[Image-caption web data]
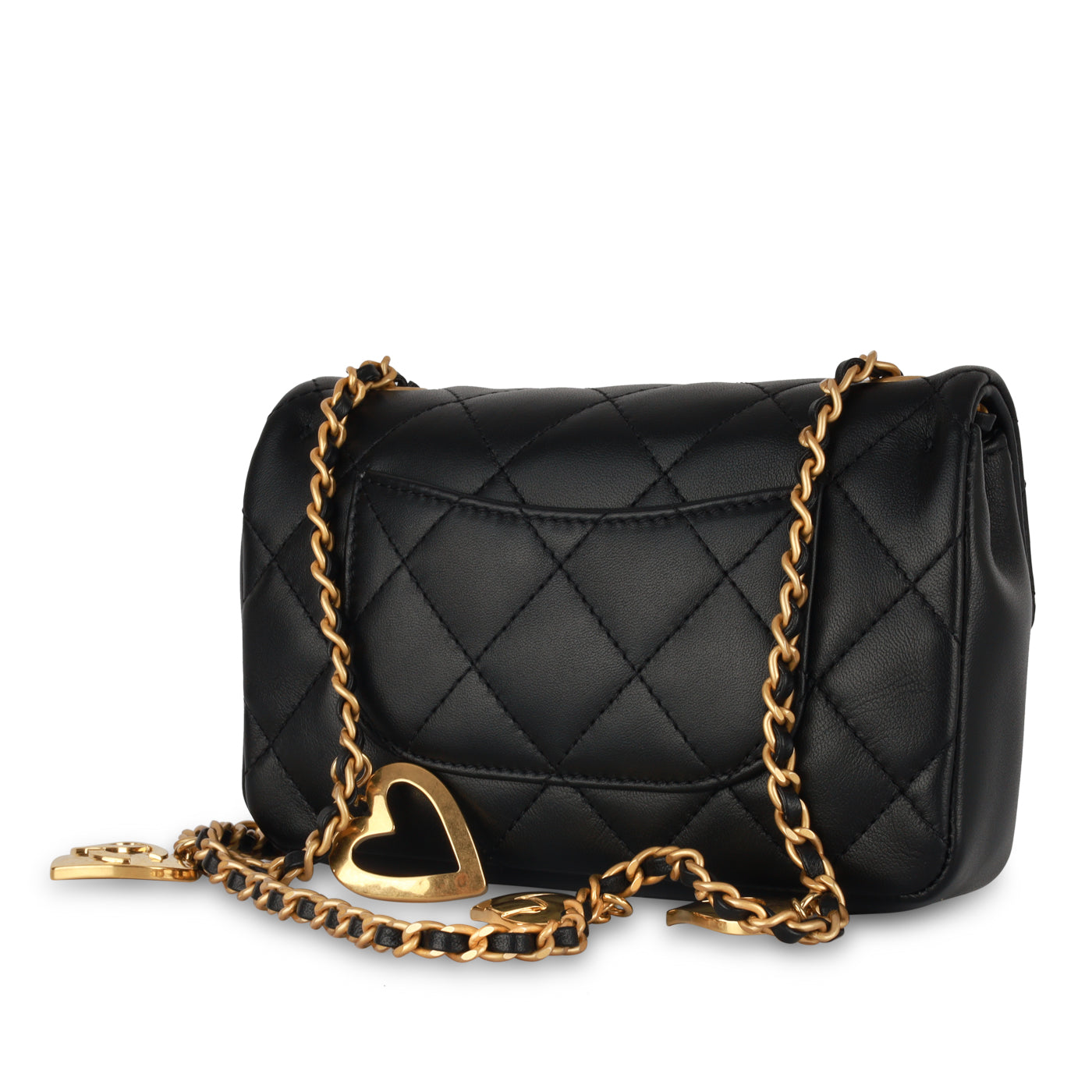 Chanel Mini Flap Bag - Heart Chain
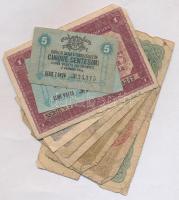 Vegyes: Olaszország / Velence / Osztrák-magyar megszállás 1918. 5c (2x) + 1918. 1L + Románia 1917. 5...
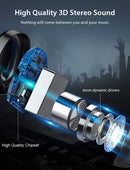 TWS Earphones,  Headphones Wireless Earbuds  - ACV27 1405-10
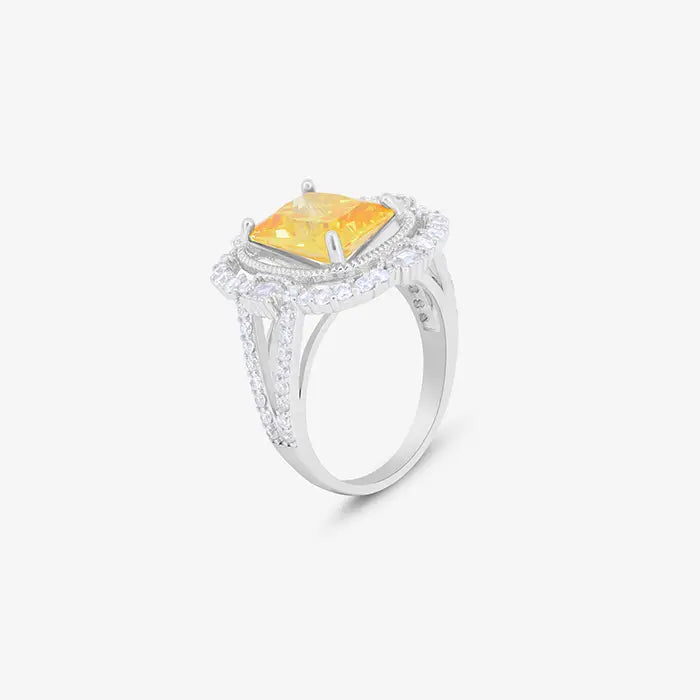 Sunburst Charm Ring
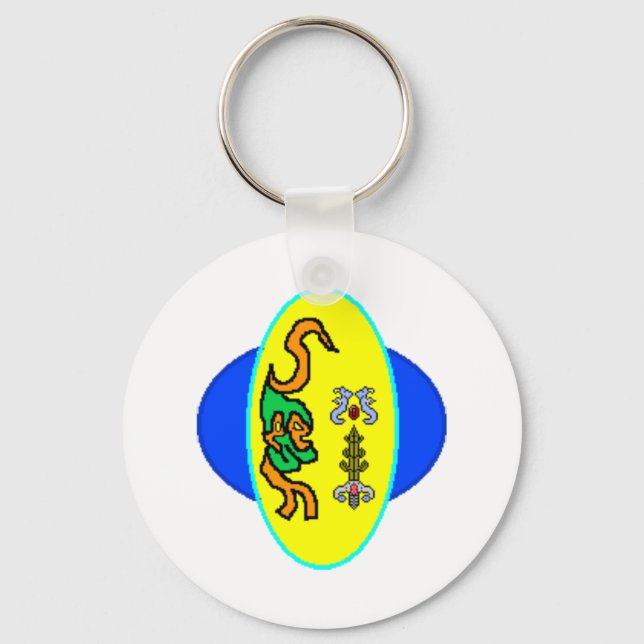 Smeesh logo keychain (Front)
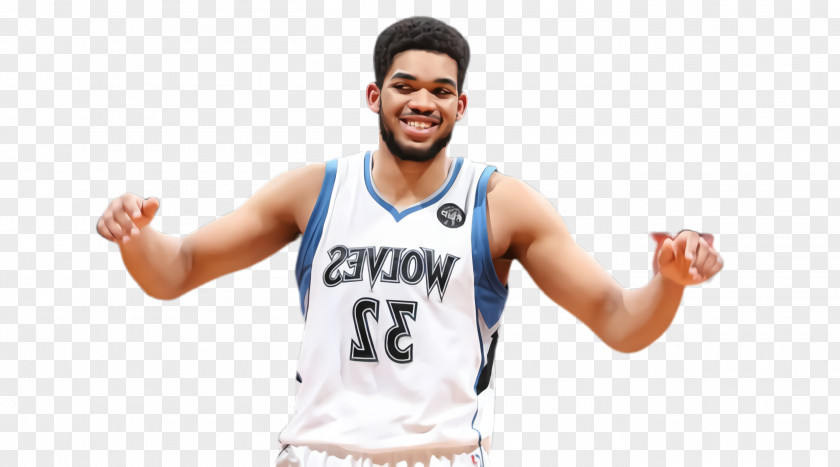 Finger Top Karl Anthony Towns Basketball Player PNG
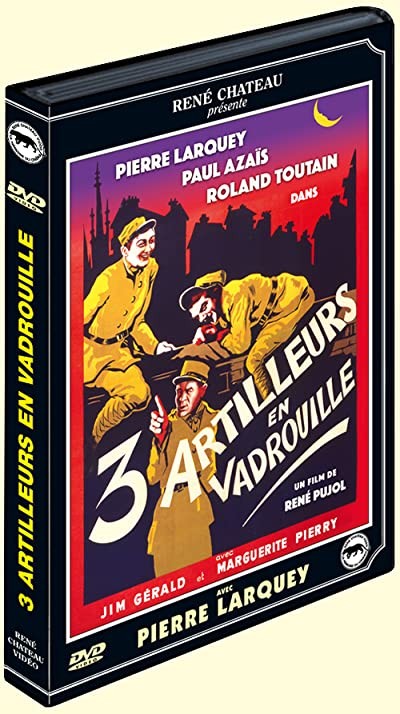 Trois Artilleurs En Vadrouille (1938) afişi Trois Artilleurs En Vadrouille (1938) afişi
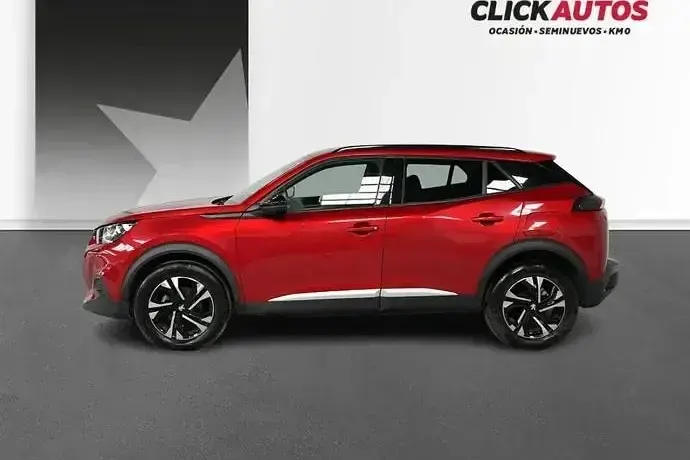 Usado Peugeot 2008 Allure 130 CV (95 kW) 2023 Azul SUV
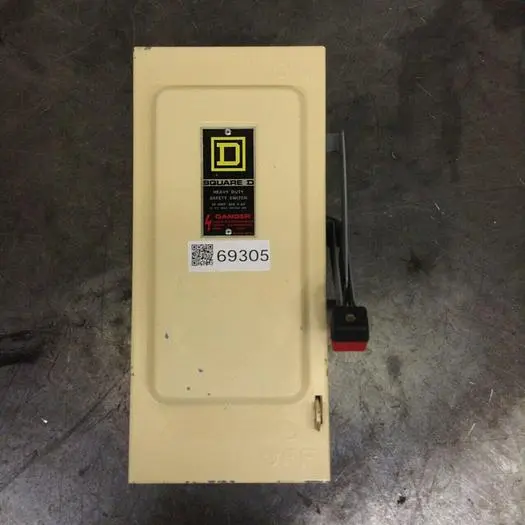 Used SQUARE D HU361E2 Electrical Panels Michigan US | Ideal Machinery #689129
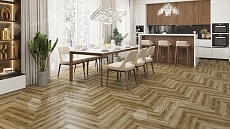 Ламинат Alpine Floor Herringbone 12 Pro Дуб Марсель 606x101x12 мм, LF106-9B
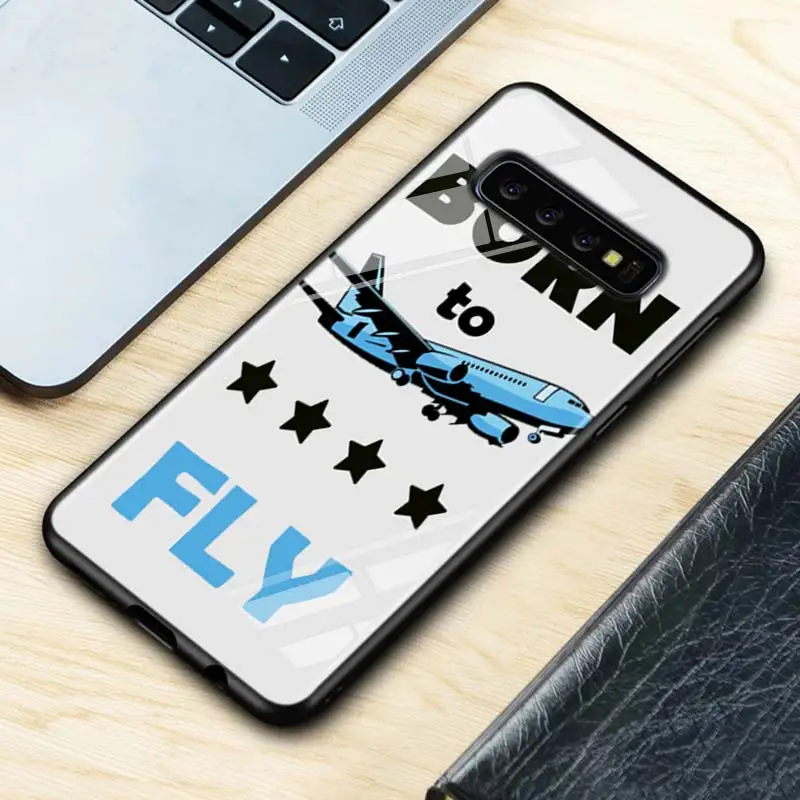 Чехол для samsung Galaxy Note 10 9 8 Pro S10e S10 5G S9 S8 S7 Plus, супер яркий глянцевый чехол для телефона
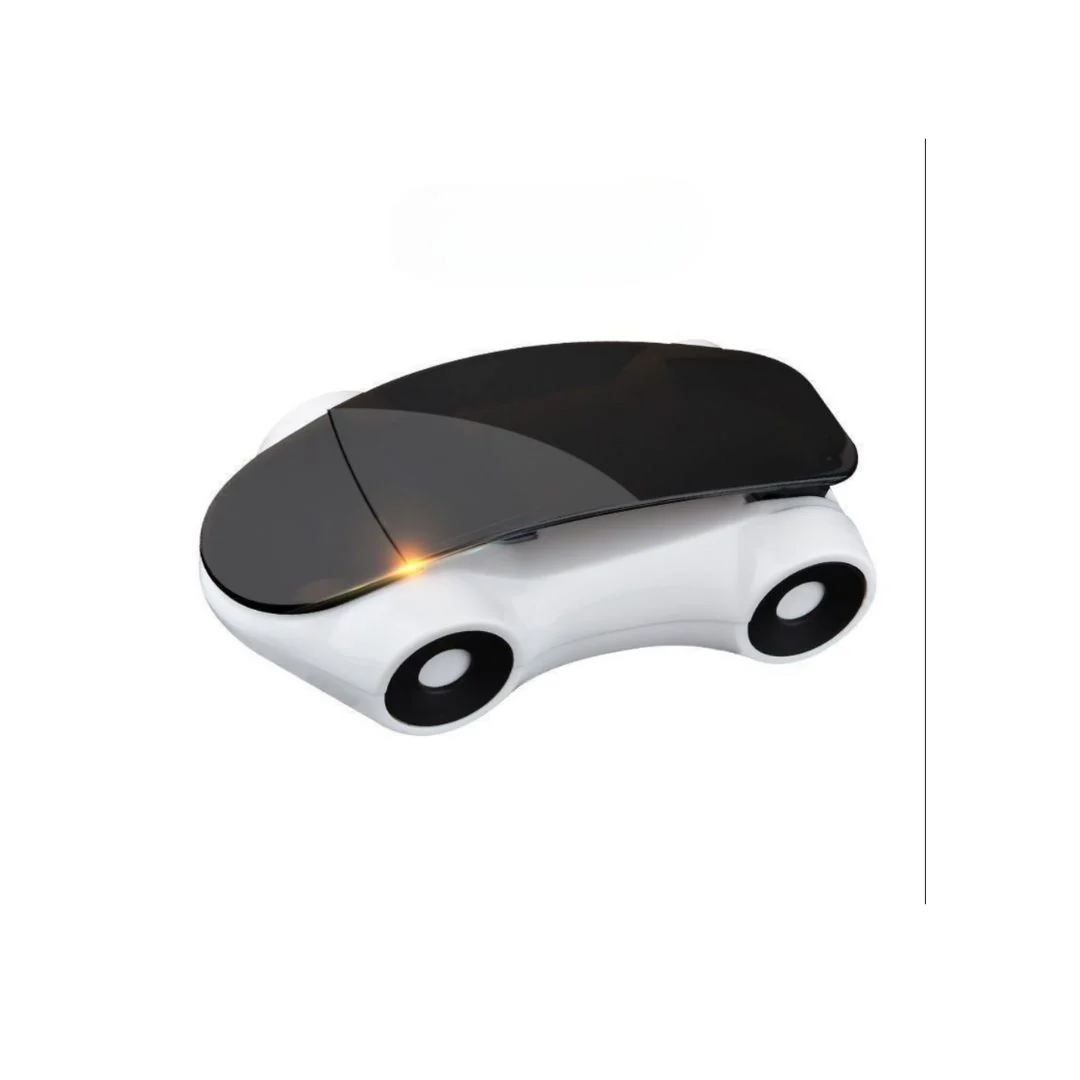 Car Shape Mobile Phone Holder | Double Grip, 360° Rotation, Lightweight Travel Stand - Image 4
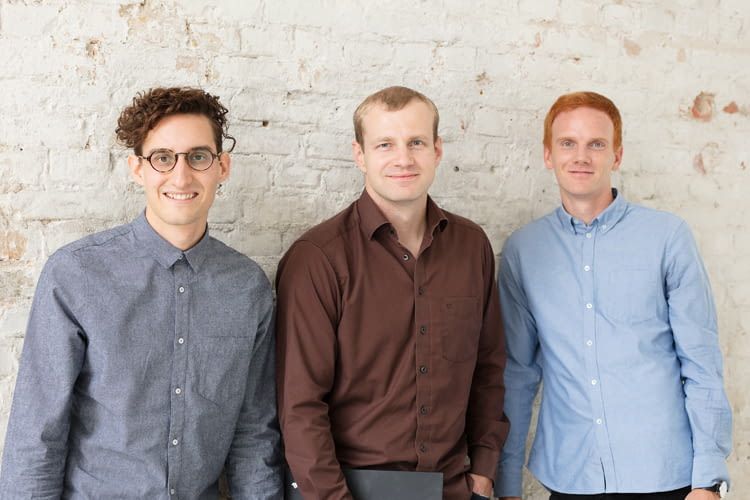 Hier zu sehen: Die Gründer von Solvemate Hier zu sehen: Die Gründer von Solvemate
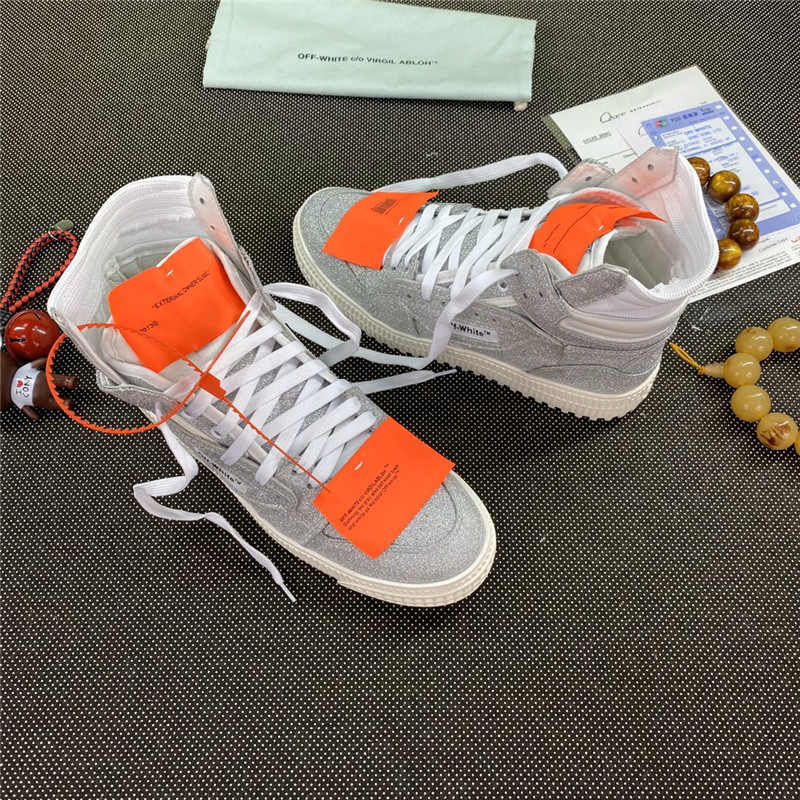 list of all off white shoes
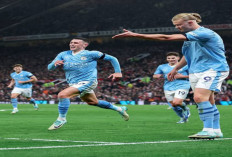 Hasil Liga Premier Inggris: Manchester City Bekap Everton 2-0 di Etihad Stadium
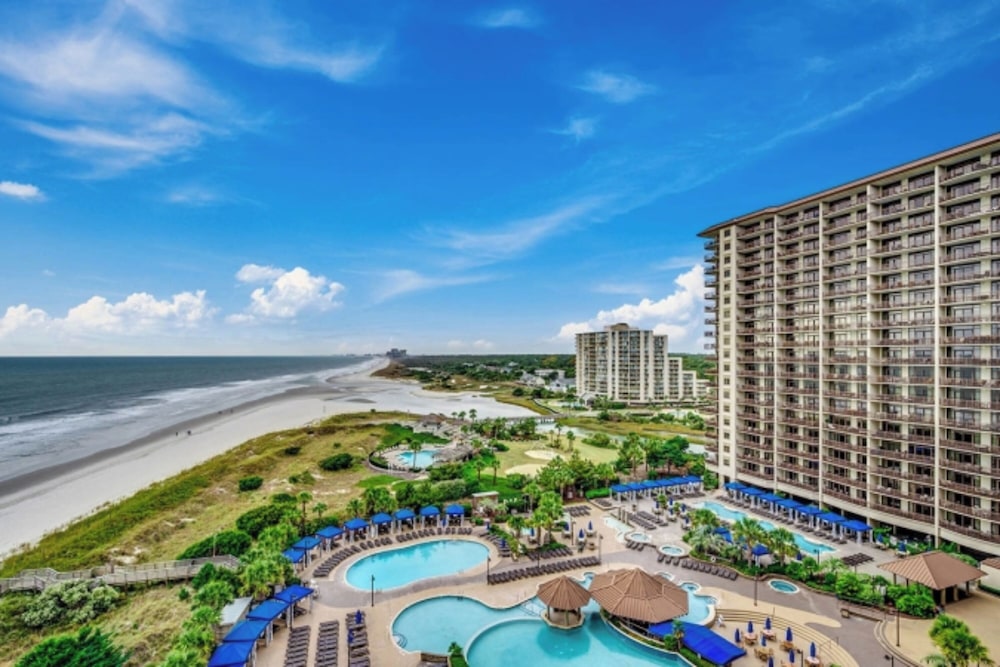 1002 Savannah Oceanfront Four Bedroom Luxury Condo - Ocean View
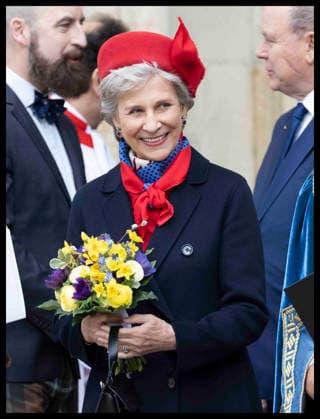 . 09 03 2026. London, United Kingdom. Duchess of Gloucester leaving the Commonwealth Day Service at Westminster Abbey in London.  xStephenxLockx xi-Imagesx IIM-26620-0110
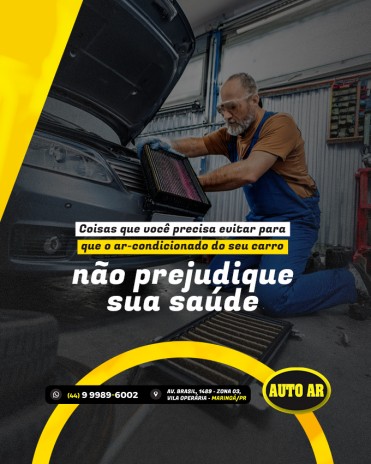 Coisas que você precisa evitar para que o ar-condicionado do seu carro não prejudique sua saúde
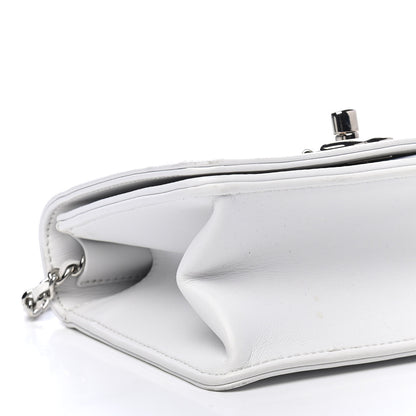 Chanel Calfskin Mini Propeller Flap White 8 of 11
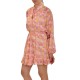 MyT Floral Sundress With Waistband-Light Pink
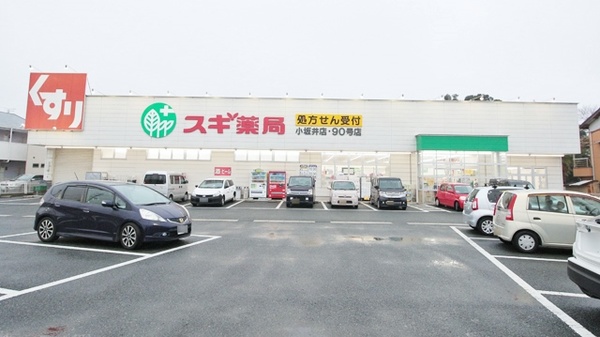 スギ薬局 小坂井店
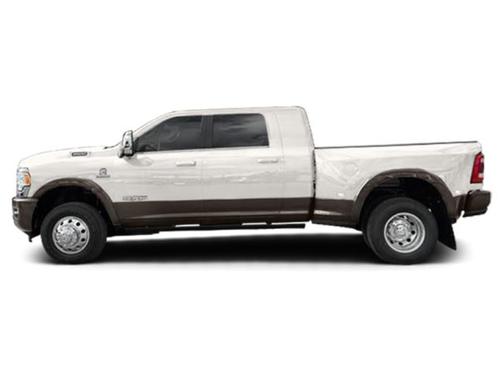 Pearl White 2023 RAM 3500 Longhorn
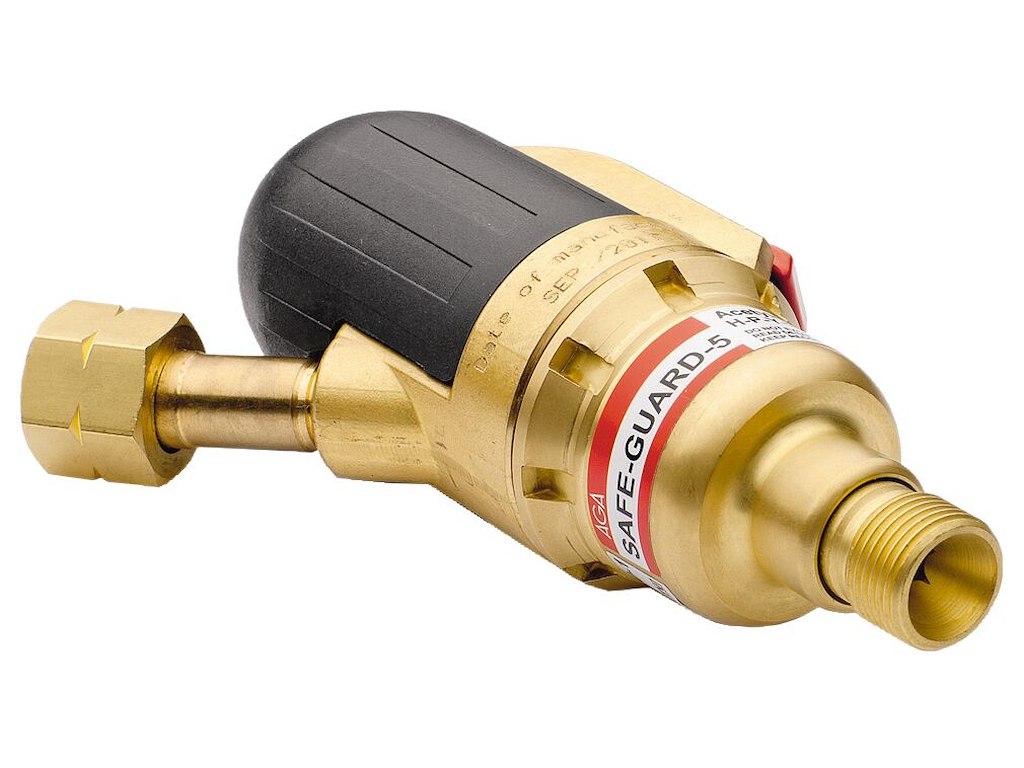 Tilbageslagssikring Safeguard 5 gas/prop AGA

# WORK TO BE COMPLETED:
The answer must consist solely of the lines from the first line of the records through the line containing "Smeesh logo keychain (Front)", reproduced exactly and without the pictures.

# ANSWER TO THIS PROBLEM:
 Chanel Mini Flap Bag - Heart Chain
 Vegyes: Olaszország / Velence / Osztrák-magyar megszállás 1918. 5c (2x) + 1918. 1L + Románia 1917. 5...
 TWS Earphones,  Headphones Wireless Earbuds  - ACV27 1405-10
 Sunburst Charm Ring
 Smeesh logo keychain (Front)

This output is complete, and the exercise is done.